- _Exercise brief_: The answer must be an exact copy of the records below, with every picture left out.

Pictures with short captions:

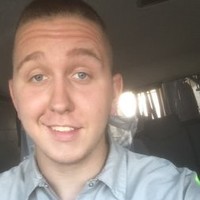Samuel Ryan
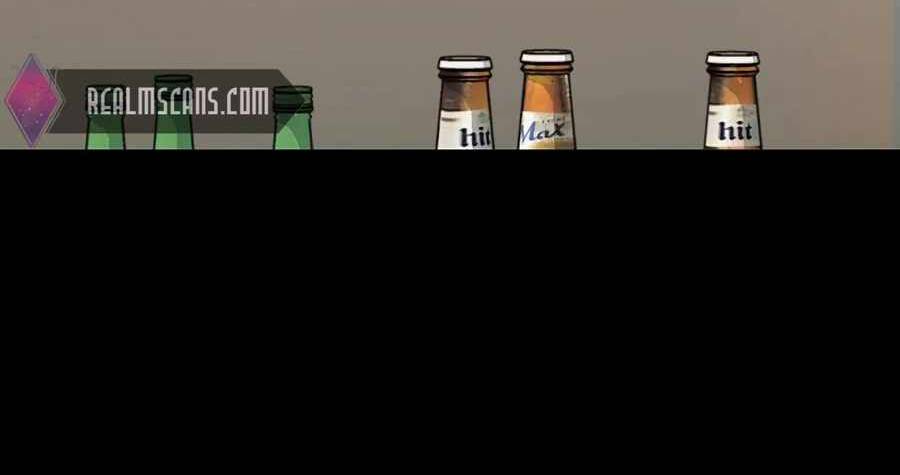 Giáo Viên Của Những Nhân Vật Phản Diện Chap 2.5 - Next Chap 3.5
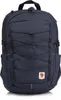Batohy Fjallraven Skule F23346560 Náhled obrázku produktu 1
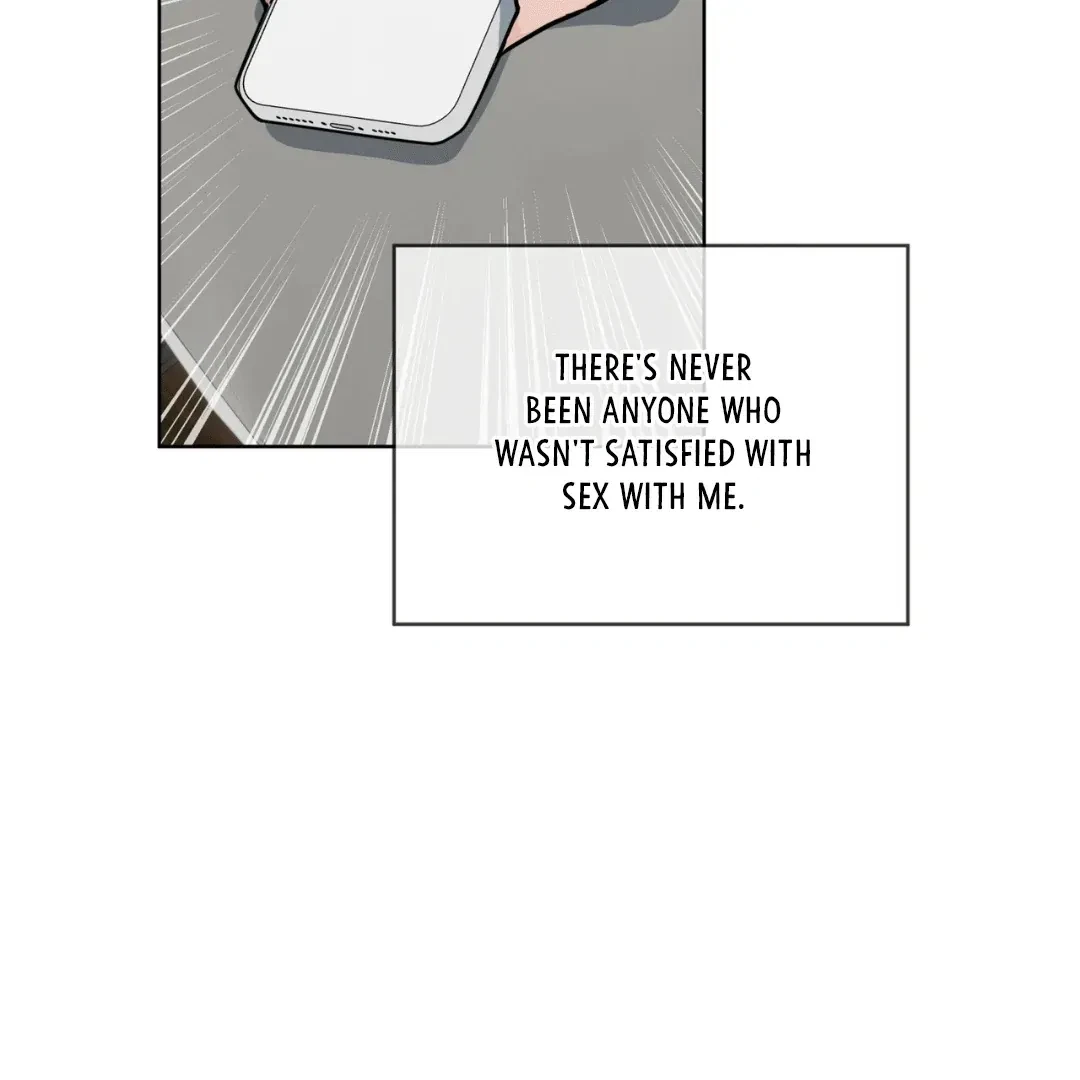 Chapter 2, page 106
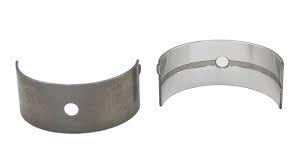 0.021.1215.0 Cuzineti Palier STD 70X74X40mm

- _Answer to the problem_:
Samuel Ryan
 Giáo Viên Của Những Nhân Vật Phản Diện Chap 2.5 - Next Chap 3.5
Batohy Fjallraven Skule F23346560 Náhled obrázku produktu 1
 Chapter 2, page 106
 0.021.1215.0 Cuzineti Palier STD 70X74X40mm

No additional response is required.